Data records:
=== Begin Enclosure ===

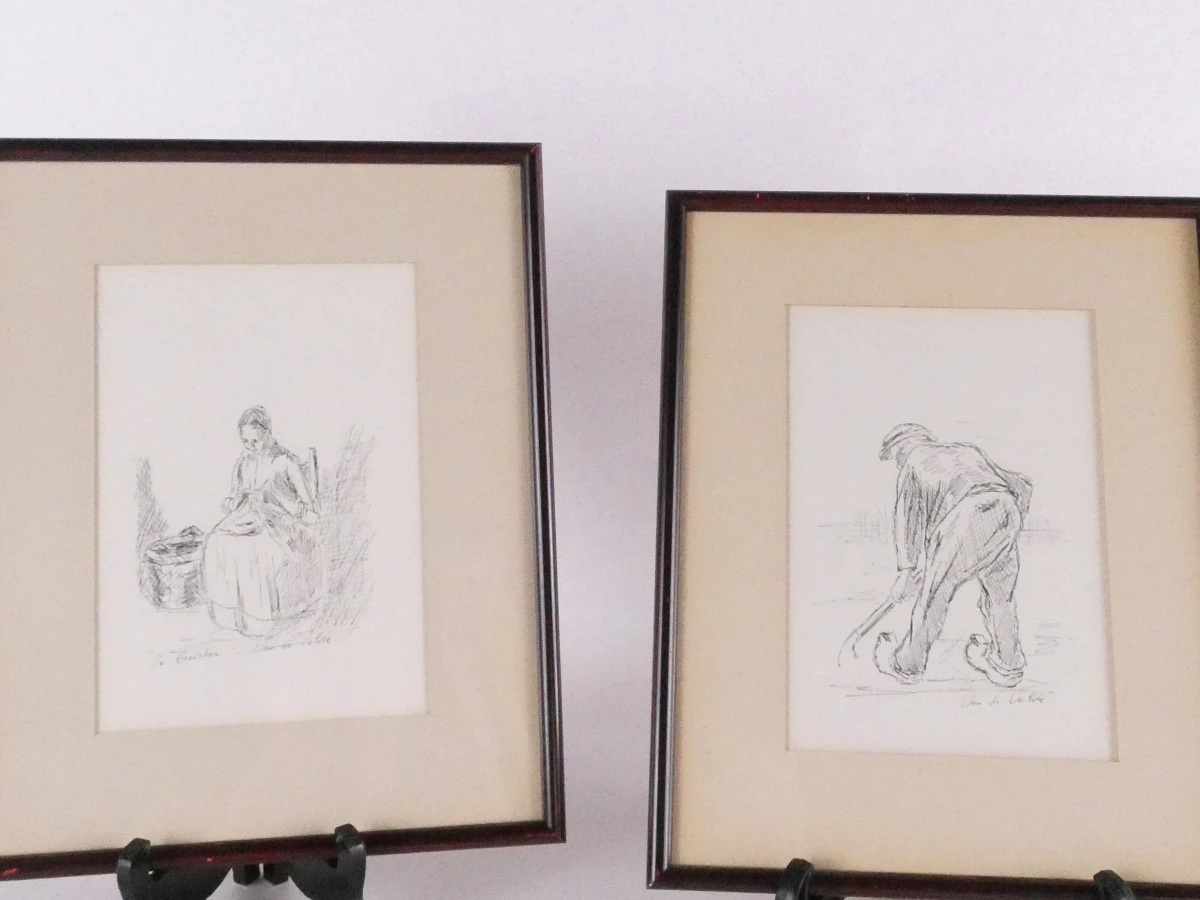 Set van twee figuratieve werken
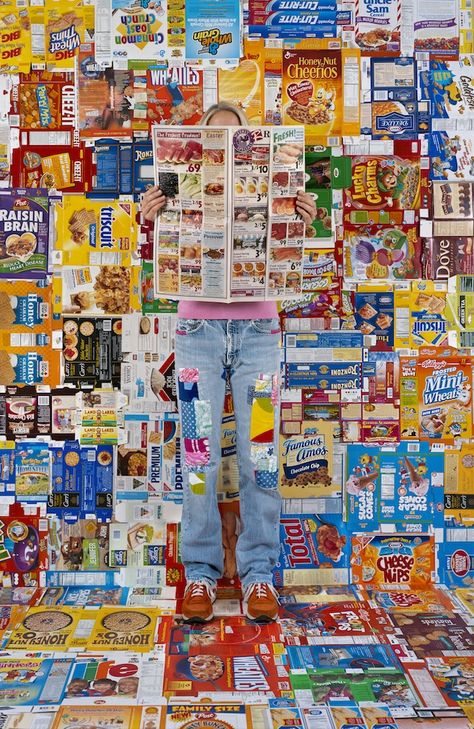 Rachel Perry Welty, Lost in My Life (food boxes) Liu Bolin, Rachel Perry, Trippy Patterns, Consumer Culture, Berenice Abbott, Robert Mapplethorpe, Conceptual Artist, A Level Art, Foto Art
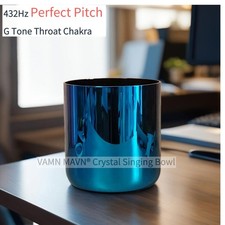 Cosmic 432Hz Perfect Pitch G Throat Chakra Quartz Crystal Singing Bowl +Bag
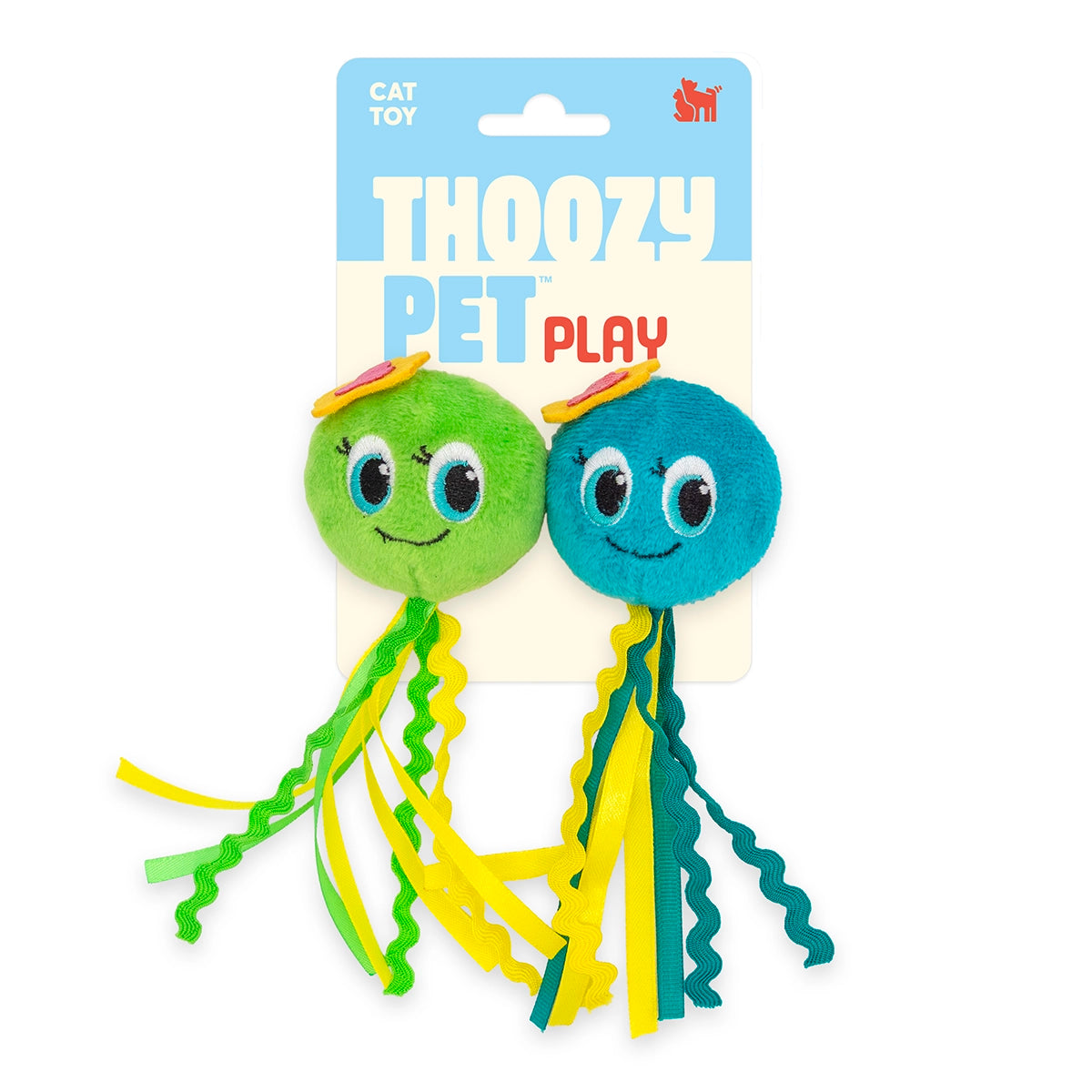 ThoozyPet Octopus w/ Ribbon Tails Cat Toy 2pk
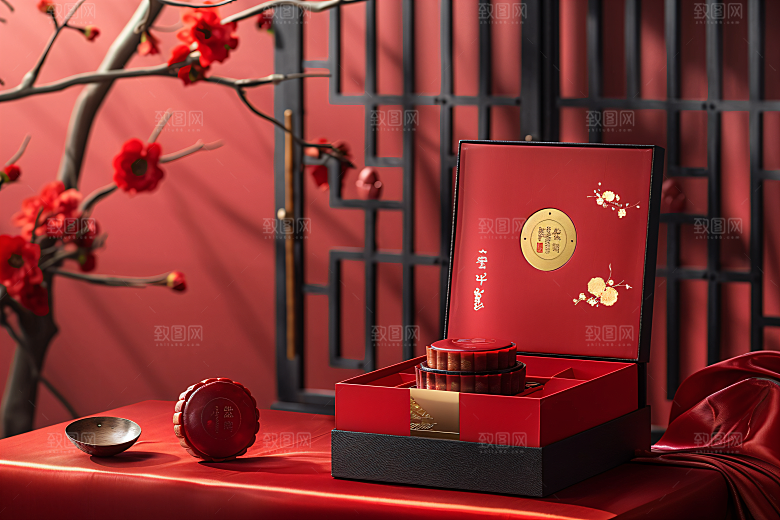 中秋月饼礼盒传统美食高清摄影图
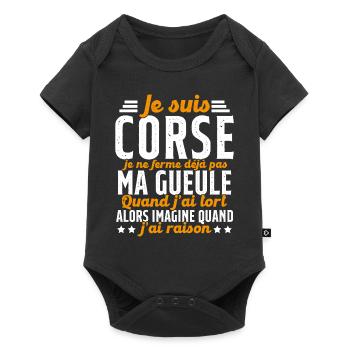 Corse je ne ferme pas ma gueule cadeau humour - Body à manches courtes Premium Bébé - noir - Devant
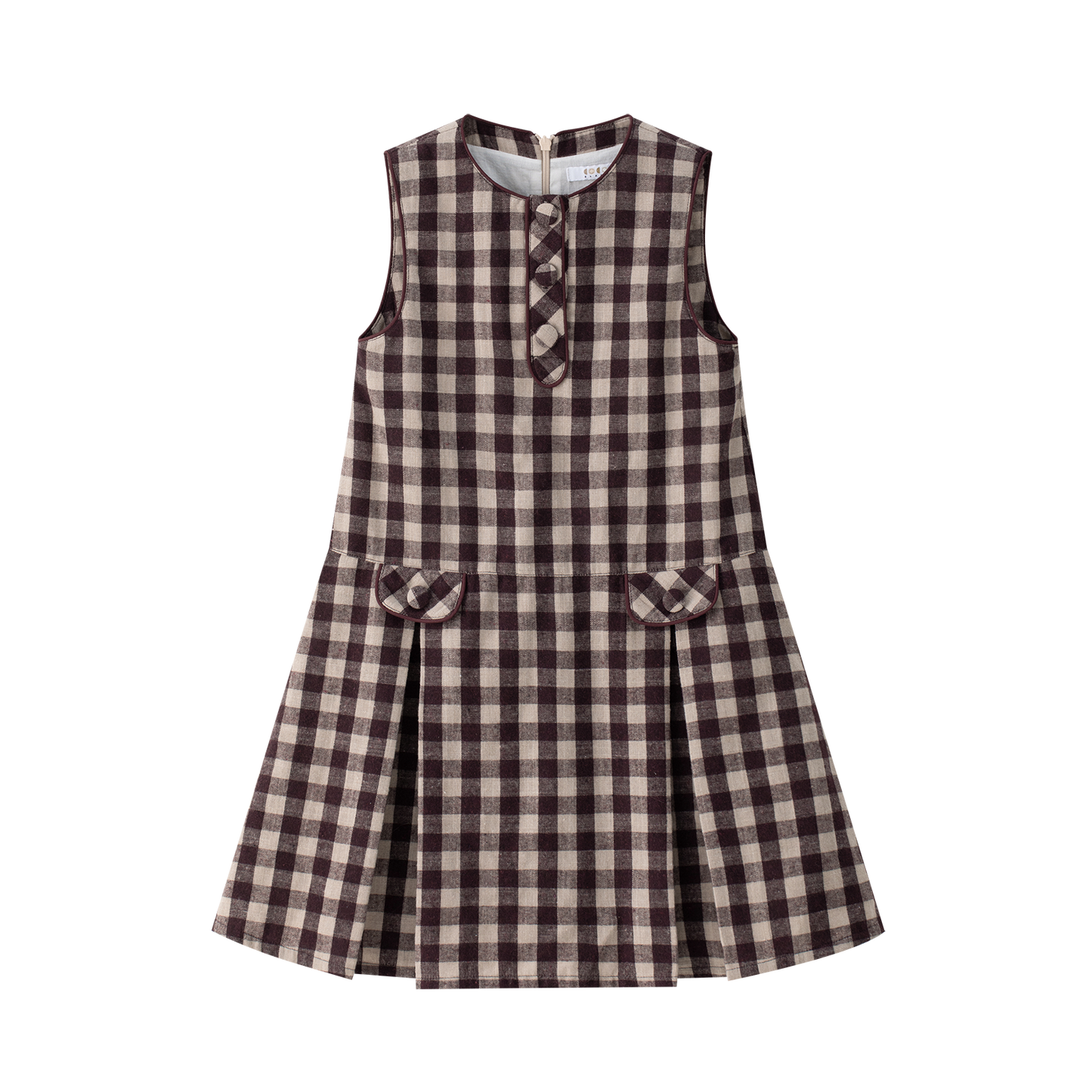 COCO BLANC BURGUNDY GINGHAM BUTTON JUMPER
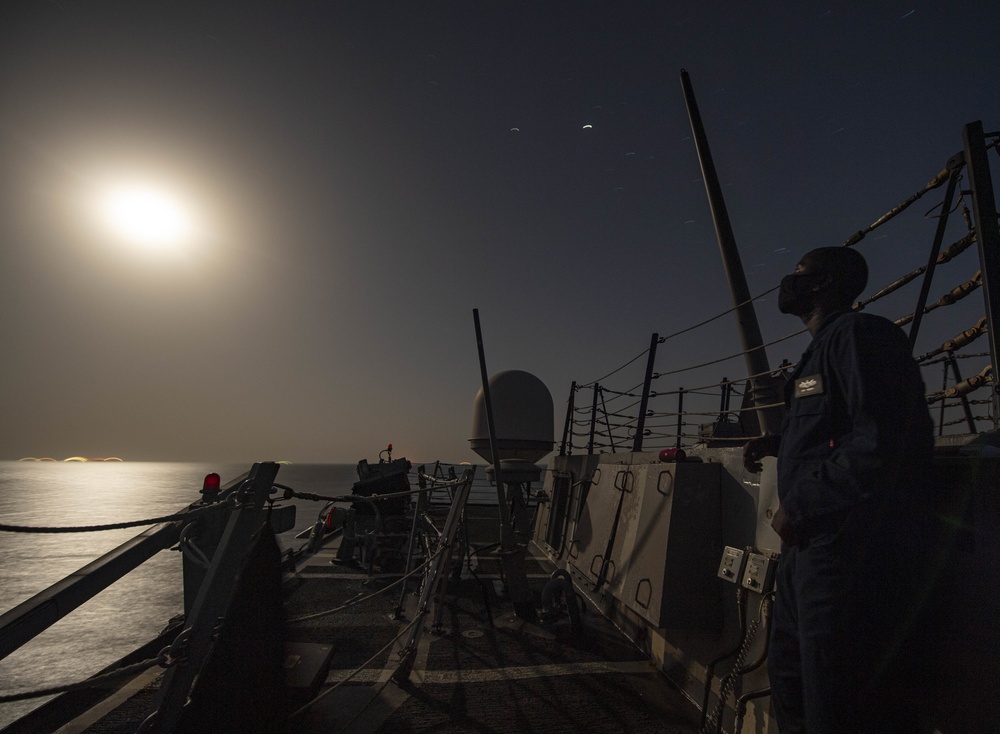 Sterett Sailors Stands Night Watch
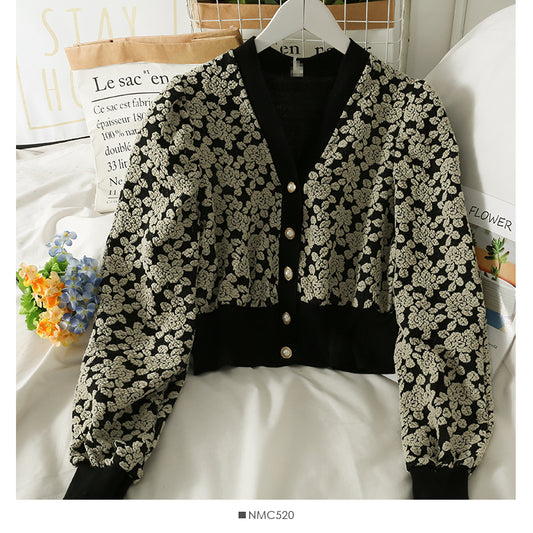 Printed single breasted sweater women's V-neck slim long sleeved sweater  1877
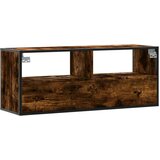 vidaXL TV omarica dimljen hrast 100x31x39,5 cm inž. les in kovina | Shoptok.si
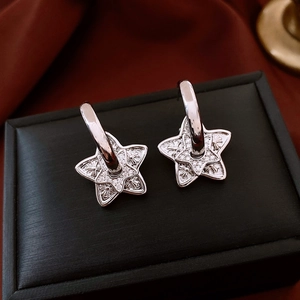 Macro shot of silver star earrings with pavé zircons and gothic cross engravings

=== End Enclosure ===

**Assignment:**
All of the data above needs to be retyped exactly, with the pictures removed.

**Solution to the exercise:**
 Set van twee figuratieve werken
 Rachel Perry Welty, Lost in My Life (food boxes) Liu Bolin, Rachel Perry, Trippy Patterns, Consumer Culture, Berenice Abbott, Robert Mapplethorpe, Conceptual Artist, A Level Art, Foto Art
 Cosmic 432Hz Perfect Pitch G Throat Chakra Quartz Crystal Singing Bowl +Bag
 ThoozyPet Octopus w/ Ribbon Tails Cat Toy 2pk
 中秋月饼礼盒传统美食高清摄影图
 Corse je ne ferme pas ma gueule cadeau humour - Body à manches courtes Premium Bébé - noir - Devant
 COCO BLANC BURGUNDY GINGHAM BUTTON JUMPER
 Sterett Sailors Stands Night Watch
 Printed single breasted sweater women's V-neck slim long sleeved sweater  1877
 vidaXL TV omarica dimljen hrast 100x31x39,5 cm inž. les in kovina | Shoptok.si
 Macro shot of silver star earrings with pavé zircons and gothic cross engravings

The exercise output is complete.